Data for analysis Start Marker

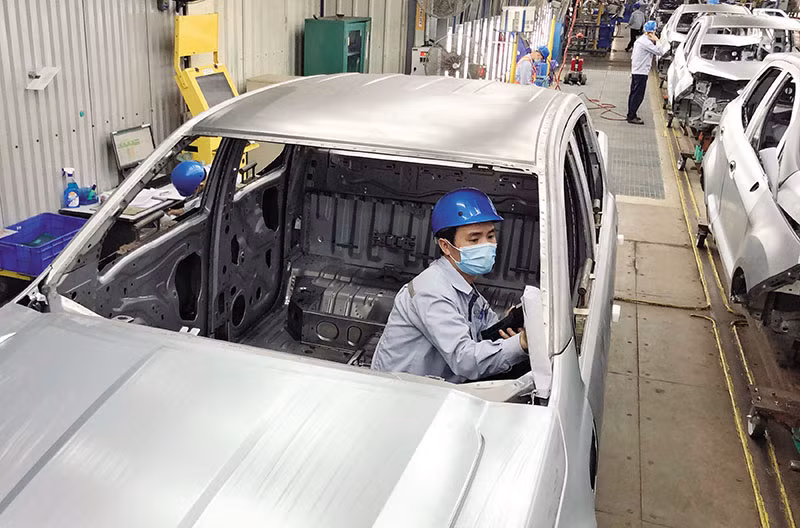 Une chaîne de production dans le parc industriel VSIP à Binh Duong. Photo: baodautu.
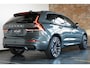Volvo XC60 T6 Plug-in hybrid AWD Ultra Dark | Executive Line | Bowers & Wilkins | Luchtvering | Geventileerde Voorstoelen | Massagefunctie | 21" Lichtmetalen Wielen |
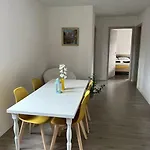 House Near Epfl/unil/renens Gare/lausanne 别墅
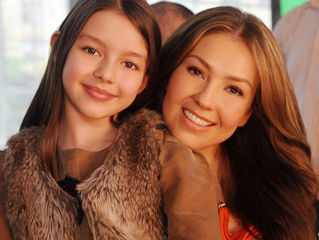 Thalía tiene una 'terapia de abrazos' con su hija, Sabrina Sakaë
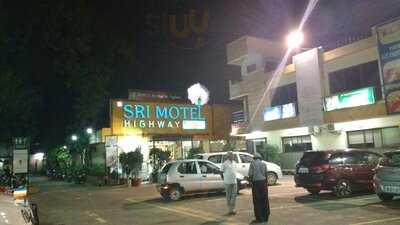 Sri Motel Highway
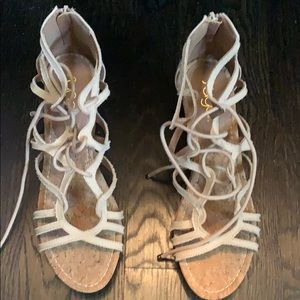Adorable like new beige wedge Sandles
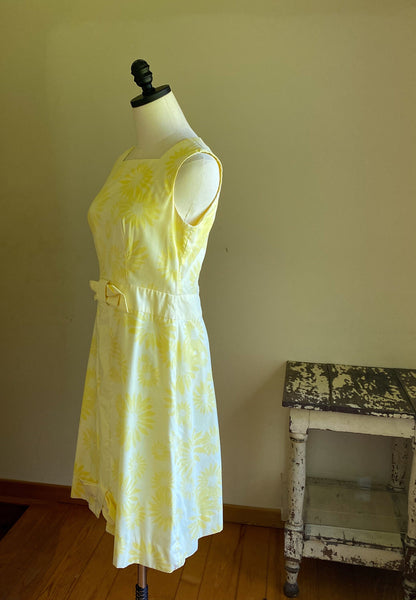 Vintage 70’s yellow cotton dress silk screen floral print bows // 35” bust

Data for analysis End Marker

Exercise instructions –
Your copy should consist only of the lines from the one containing "Adorable like new beige wedge Sandles" through the last line of the entries above, reproduced exactly, without pictures.

The completed task –
Adorable like new beige wedge Sandles
 Vintage 70’s yellow cotton dress silk screen floral print bows // 35” bust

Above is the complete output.